Leadership
and Humility

Teaching
Experience:
Lita
Blanchard currently works as school social worker at Winthrop High School. She
has been a social worker for over twenty years. In addition she has taught a
variety of subjects in adult education and special education programs K-12.
Jay Franzel currently works as a special education teacher at Winthrop High
School. He has been teaching at-risk students for eighteen years, grades 6-12
in several alternative and special education programs. In addition he has
taught Freshman Composition as a graduate student at SUNYB and Jewish studies
at several synagogue Hebrew School programs.
Over
the years, we see more and more children who lack good role models. We
are not merely speaking about families where a parent who is abusing
substances, is violent or otherwise abusive. There is a spectrum of poor
role modeling that includes more innocuous cases of inconsistent and or overly
controlling or passive adults as well. Wherever on the spectrum this
lack falls, it creates a serious void in a child’s life. As teachers,
we are called upon to fill this void, an insurmountable task. This is
not to say that there are no exceptions to this rule, rather it is important
to be realistic about what we can do change this very serious and growing
problem. It is very easy for teachers to overreact to this problem at
either extreme: that is by attempting to overreach oneself attempting to fill
a gap one cannot fill, or on the other hand, by becoming cynical, apathetic or
sarcastic in the face of such relentless need. We have been told that “it
takes a village to raise a child”, but the truth is that providing the
“village” for our kids is an impossible task for teachers. As we try
to effect positive changes in youth, we must understand that family
inadequacies, economic restraints, social deterioration and teachers’ own
limitations all come into play in our schools. We need to keep these
forces in perspective as we do battle with them.

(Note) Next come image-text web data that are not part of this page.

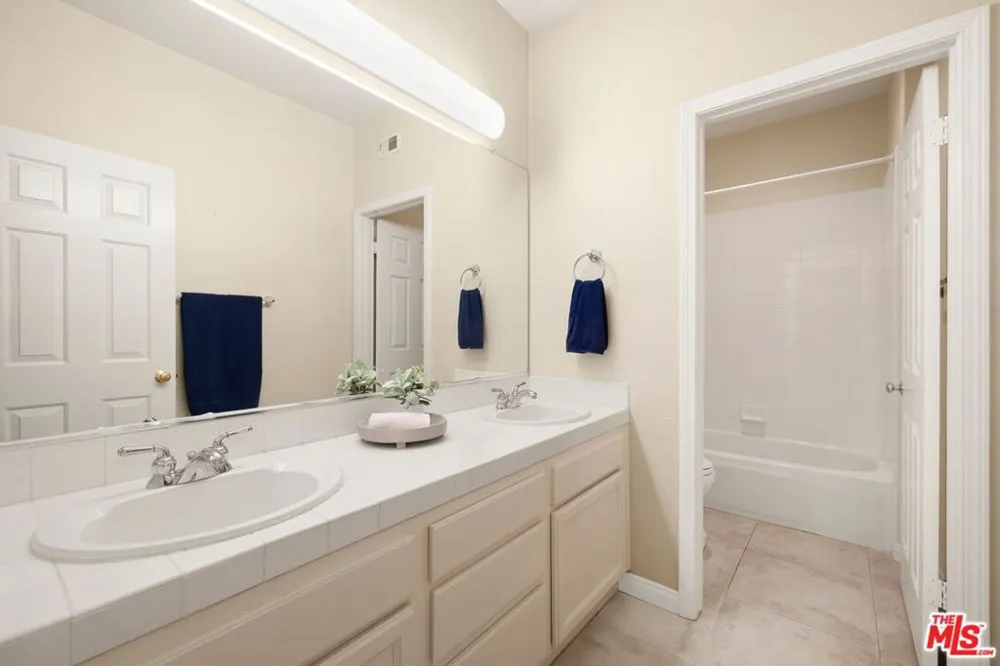 2682 Santa Ynez Avenue Simi Valley, CA 93063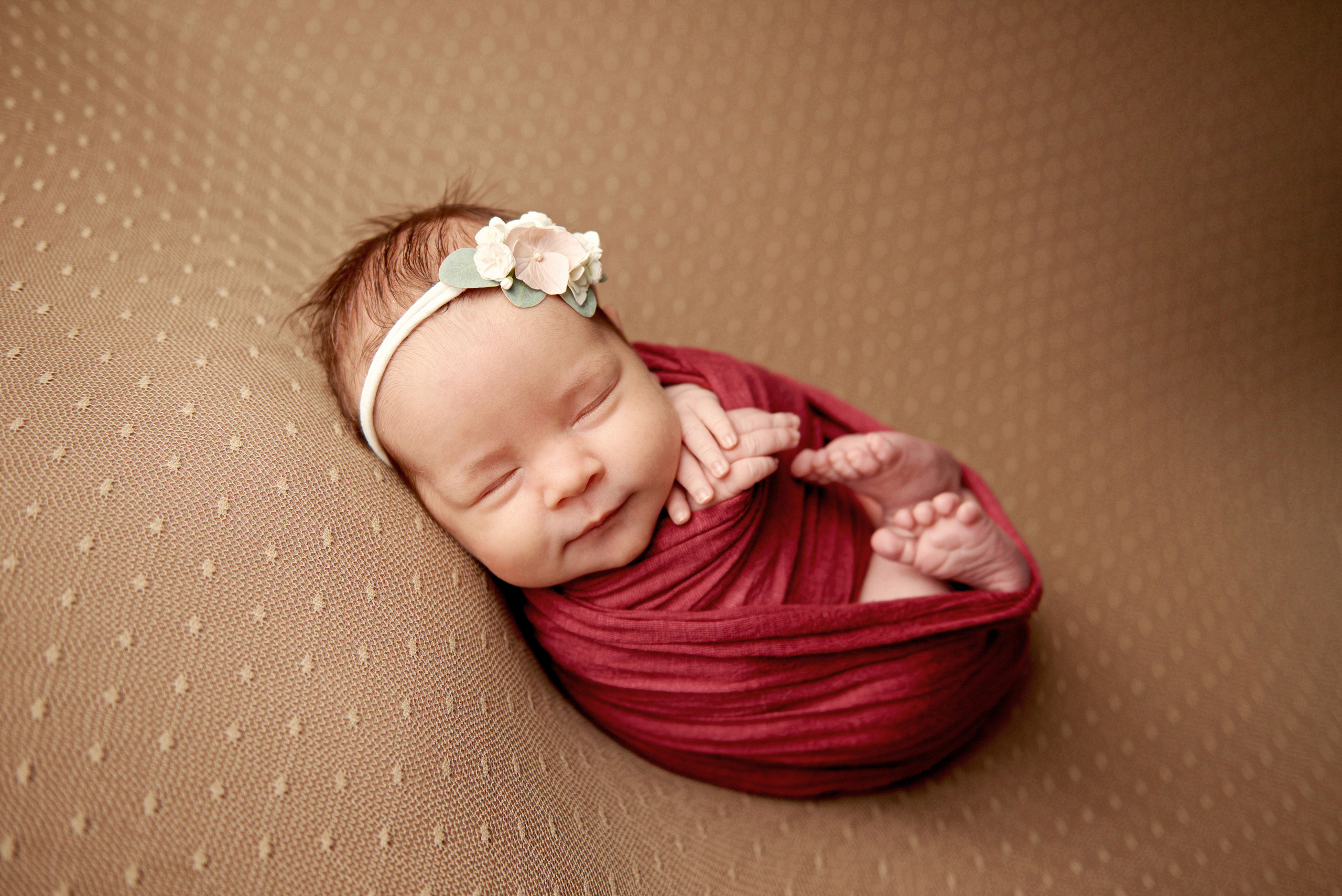 Фотосесії новонароджених малюків. Фотограф новонароджених діток та їх сімей в Тернополі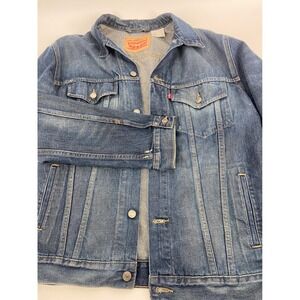 Vintage Levi Strauss & Co Classic Denim Distressed, Trucker Jacket Size XL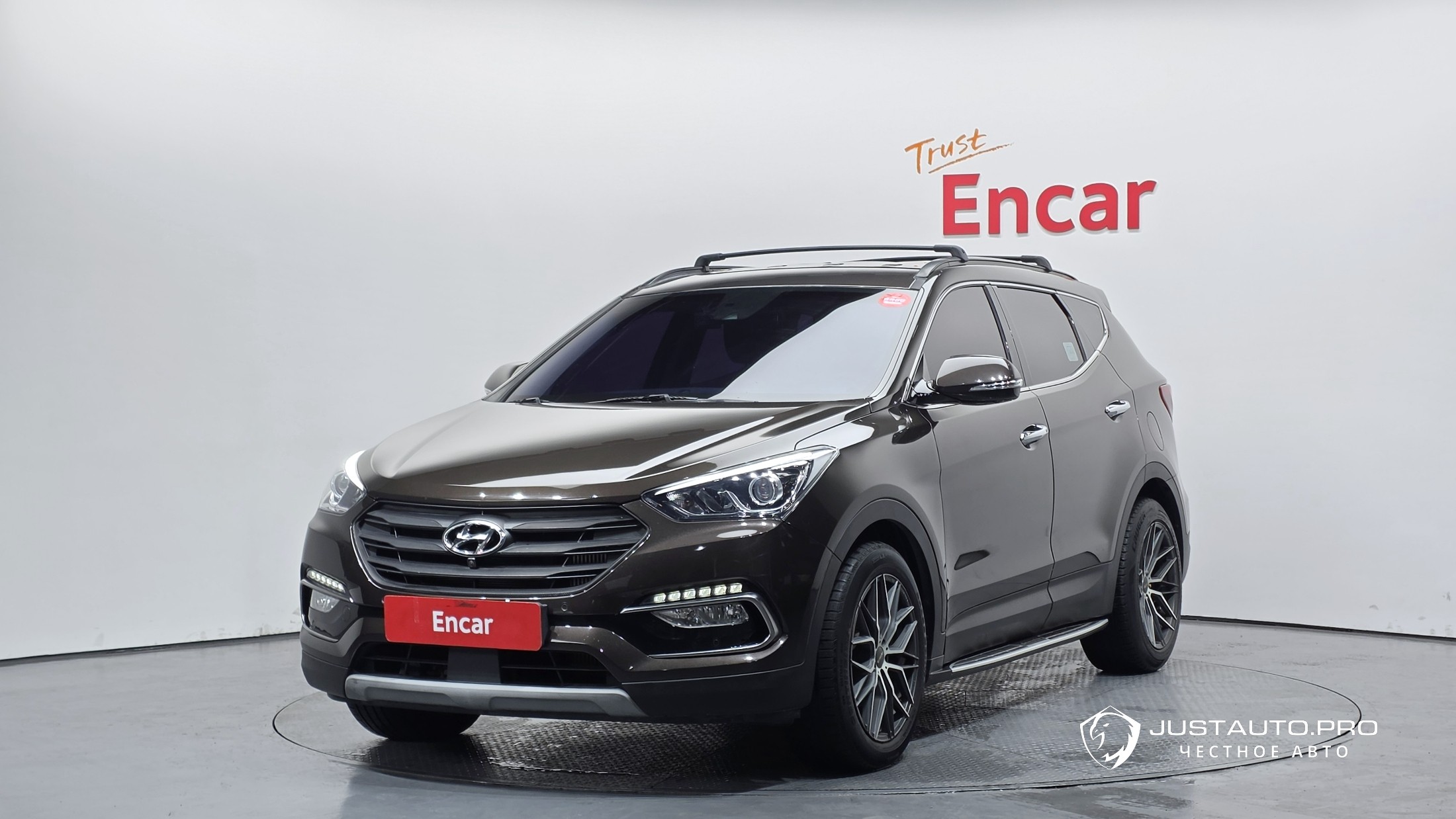 Автомобиль Hyundai Santafe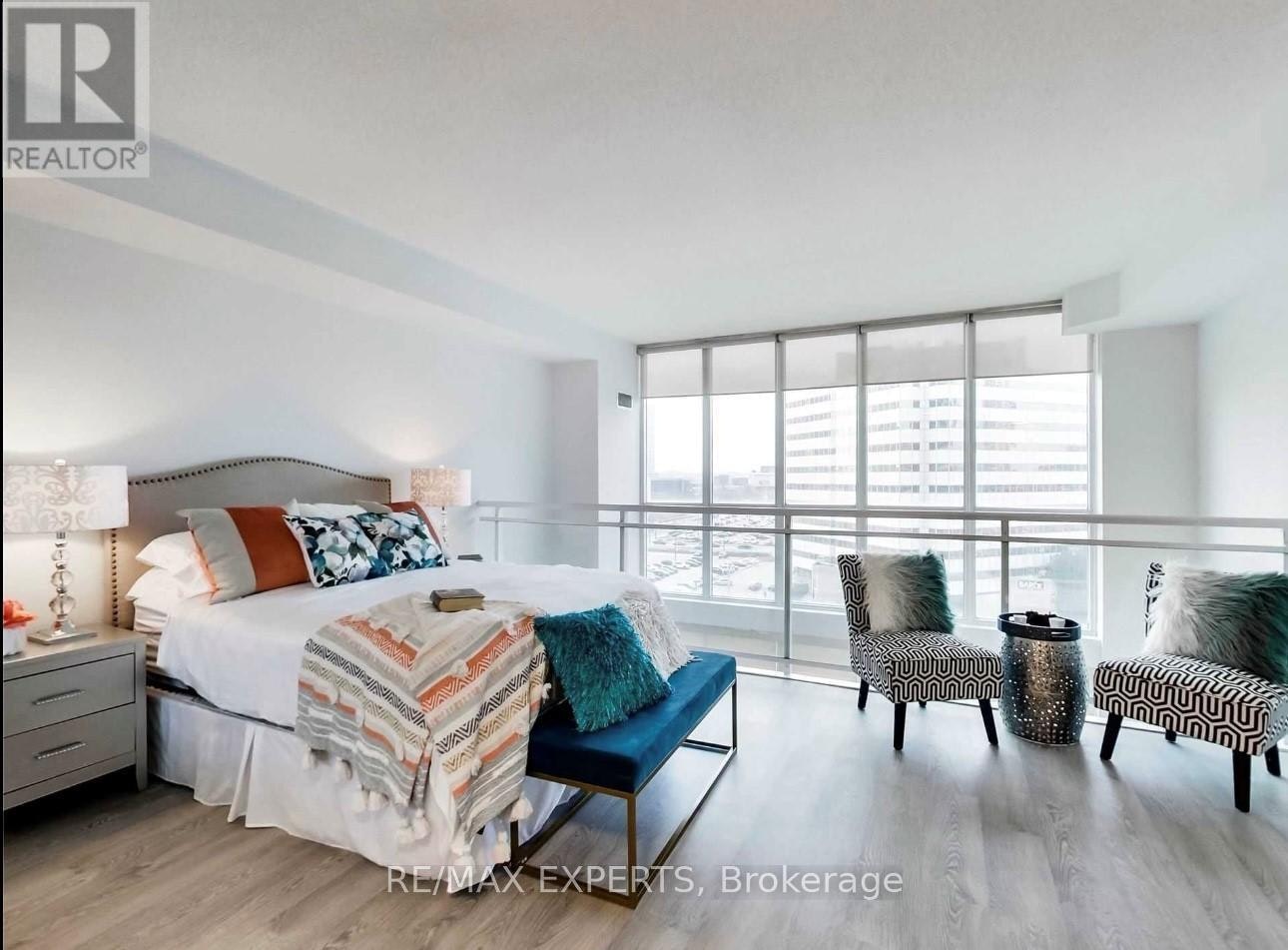 722-220 Burnhamthorpe Road W, Mississauga, ON, L5B 4N4 - 22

In general, a major part of an adolescent’s job is to push limits and
question authority. This stage of development not only assists a teen in his
or her quest for autonomy and independence; it also serves to help our youth
in becoming free and creative thinkers. However, we often view this
acting out behavior as purely pathological and so we do not allow our teens
the freedom to move through this vital stage of development. This is not
to say that when an adolescent misbehaves we should not assign reasonable
consequences, but rather that we must be careful not to oppress them as they
work toward adulthood. We need to be cognizant of our role as models for
our youth and in doing so be careful not to overreact by holding it against
them for exhibiting normal behaviors, which frankly many of us exhibited when
we ourselves were teens. It is helpful, actually imperative, to not view
adolescents as having something wrong with them when they are actually right
on schedule. (It may not be our schedule but it is, and certainly should be,
theirs.) Teens venture through adolescence with thinking processes
that are relative to them, not us. The teen brain is not yet fully
developed and so they are sometimes incapable of portraying the thought
patterns which adults possess and too often expect of them. As helping
adults, we often have expectations of teens that they are not ready to
deliver. And while is true that teens often make mistakes, it is very
important that we don’t hold these failures against them. After all, they
are struggling to find their way down the path to adulthood, not an easy
endeavor for any of us.
The spiral of disappearing positive role models and the negative behaviors-
apathy, violence, rudeness, dishonesty, etc.- that this engenders in our youth
is resonating throughout our society. We hear about the need for higher
standards, harsher penalties, and more accountability. We hear a great
deal about which people and what forces are to blame. We find many
adults wanting to hold more accountable than what we actually model for them.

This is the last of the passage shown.